Credit Suisse’s AAPL analyst Matthew Crabral who rates the stock a Neutral with a $221 price had some cautious commentary on iPhone units in China for the month of November (emphasis mine):

November China iPhone units (sell-in) drop; -7.4% y/y since iPhone 11 launch(Sept-Nov): iPhone shipments in China dropped 35.4% y/y in November (per MIIT “nonAndroid” data), significantly lagging the 0.2% y/y increase in the broader Chinese Smartphone market. We recognize monthly data can be volatile and the shift in launch timing vs. last year is likely skewing y/y compares; however, the drop in November marks the second straight double-digit decline (-10.3% y/y in Oct) and total shipments in China since the launch of the iPhone 11 family are now down 7.4% y/y (Sept-Nov). In addition to weaker overall units, the popularity of the lower-priced iPhone 11 (~70% of China new mix in C3Q19, per IDC) and its 15% y/y RMB price cut at launch likely adds further pressure to Apple’s Greater China sales; factoring in the decline in ASPs, we estimate China iPhone revenue fell by >17.5% y/y over the past three months (Sept-Nov).

Could AAPL be setting up for a redo of last Q4, tariffs or not? It might have more to do with nationalism or different usage habits by the Chinese… either way, AAPL is not gaining share in China… Reuters reported back in late October:

Huawei tightens China market hold with 42% share at expense of iPhones: Canalys

Huawei Technologies captured a record 42% of China’s smartphone market in the third quarter as local consumers rallied behind it after U.S. sanctions, leaving Apple (AAPL.O) to languish towards the bottom of the pile, market data showed.

Apple’s market share in China slipped to 5% from 7% in the year-ago quarter, according to a report that market research firm Canalys released on Wednesday, hours before the Cupertino, California-based company was to report quarterly results.

The July-September quarter marked the iPhone’s weakest sales in China in five years, said Nicole Peng, vice president of mobility at Canalys, with shipments likely down more than a quarter.

Assuming the company offered guidance on their last call they thought they could meet under fairly conservative circumstances and that the bottom did not fall out in China as it did in Q4 2018, and as Credit Suisse’s analyst is suggesting it has in terms of iPhone units in China, then the next identifiable catalyst will be their fiscal Q1 earnings that should come the last few days of January.

AAPL is trading nearly 21x expected fiscal 2020 eps growth of 10% on 6% expected sales growth, this is a massively high multiple for AAPL, at 10-year highs, especially for :


So what’s the trade?? This stock feels like it wants to close the year at the nice round number of $300, which would be another 9% from current levels, I obviously have no idea where it closes that’s just a guess, but it is worth noting that stocks with weekly options often have a pull to round numbers as that’s where a lot of open interest is.

But every notch higher the stock makes into year-end, long holders of the stock might start considering ways to protect gains, cause I can assure you that in the history of the U.S. stock market there has never been a stock to gain as much in market cap terms as AAPL did this year.
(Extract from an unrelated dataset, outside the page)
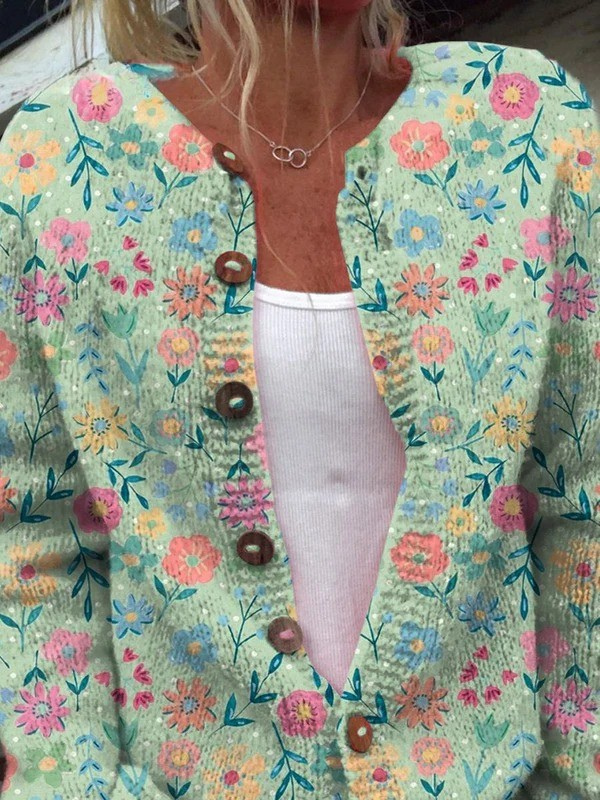 Blomsterprintet Knappet Cardigan til kvinder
Despite Wall Street analysts also being as mixed on the stock as they have in some time (28 Buy ratings, 14 Holds and 7 Sells) there seems to be a universal belief that this stock is being re-rated for their business lines like services and wearables and that it is up up and away. It is worth highlighting that over the last ten years, from all-time highs AAPL has had peak to trough declines of 45%, 33%, and 39%, and I suspect the stock will suffer a similar one when this run ends…
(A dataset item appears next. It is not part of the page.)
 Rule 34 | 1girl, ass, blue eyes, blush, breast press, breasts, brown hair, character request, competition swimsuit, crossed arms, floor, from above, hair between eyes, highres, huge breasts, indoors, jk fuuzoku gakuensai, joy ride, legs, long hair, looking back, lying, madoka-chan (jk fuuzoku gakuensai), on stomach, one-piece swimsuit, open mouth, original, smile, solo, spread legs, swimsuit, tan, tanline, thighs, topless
SO for longs who are getting vertigo, short-dated options prices are cheap, with 30-day at the money implied volatility nearing 2-year lows, making outright put protection look dollar cheap:


For instance with the stock at $275 the Jan 265 put is offered at $2.80, or about 1% of the stock price. This put offers protection below $262.15 between now and Jan 17th expiration, down 4.7% from current levels.

Ill continue to check back into year-end as collars in Feb might make the most sense as they will catch earnings, not just the unlikely potential of a negative pre-announcement.